**** DATA FOR THE TASK

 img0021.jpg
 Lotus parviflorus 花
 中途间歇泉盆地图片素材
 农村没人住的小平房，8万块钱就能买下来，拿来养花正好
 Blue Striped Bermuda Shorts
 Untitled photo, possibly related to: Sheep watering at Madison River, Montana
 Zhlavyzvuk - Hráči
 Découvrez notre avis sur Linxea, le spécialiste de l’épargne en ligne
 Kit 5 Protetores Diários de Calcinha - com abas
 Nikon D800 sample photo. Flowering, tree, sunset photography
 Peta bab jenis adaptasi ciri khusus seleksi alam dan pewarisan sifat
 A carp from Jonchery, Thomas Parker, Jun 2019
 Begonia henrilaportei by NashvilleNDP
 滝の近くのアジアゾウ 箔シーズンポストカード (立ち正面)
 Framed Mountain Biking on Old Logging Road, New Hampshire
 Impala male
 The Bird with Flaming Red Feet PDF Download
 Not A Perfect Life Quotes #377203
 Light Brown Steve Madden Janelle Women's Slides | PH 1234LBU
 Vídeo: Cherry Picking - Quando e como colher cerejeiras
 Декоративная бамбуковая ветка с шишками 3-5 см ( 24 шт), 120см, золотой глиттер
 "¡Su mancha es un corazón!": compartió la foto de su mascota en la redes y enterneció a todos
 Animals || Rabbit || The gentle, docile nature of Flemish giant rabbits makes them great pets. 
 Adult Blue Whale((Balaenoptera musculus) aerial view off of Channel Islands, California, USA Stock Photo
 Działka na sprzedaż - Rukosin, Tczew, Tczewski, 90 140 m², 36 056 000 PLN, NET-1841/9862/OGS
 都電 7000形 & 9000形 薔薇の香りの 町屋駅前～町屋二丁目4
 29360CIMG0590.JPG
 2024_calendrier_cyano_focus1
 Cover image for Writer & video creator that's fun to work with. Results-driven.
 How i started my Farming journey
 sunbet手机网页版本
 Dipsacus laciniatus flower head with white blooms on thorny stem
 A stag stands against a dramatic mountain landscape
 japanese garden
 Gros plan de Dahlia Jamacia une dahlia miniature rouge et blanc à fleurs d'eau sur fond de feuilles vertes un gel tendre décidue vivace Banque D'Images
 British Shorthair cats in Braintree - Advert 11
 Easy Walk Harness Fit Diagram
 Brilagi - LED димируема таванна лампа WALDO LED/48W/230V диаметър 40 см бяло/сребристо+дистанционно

********

* WORK ORDER *
Look above for the line that contains "japanese garden". Starting there, transcribe every line exactly until you have copied the line that contains "Easy Walk Harness Fit Diagram".

* REPLY *
 japanese garden
 Gros plan de Dahlia Jamacia une dahlia miniature rouge et blanc à fleurs d'eau sur fond de feuilles vertes un gel tendre décidue vivace Banque D'Images
 British Shorthair cats in Braintree - Advert 11
 Easy Walk Harness Fit Diagram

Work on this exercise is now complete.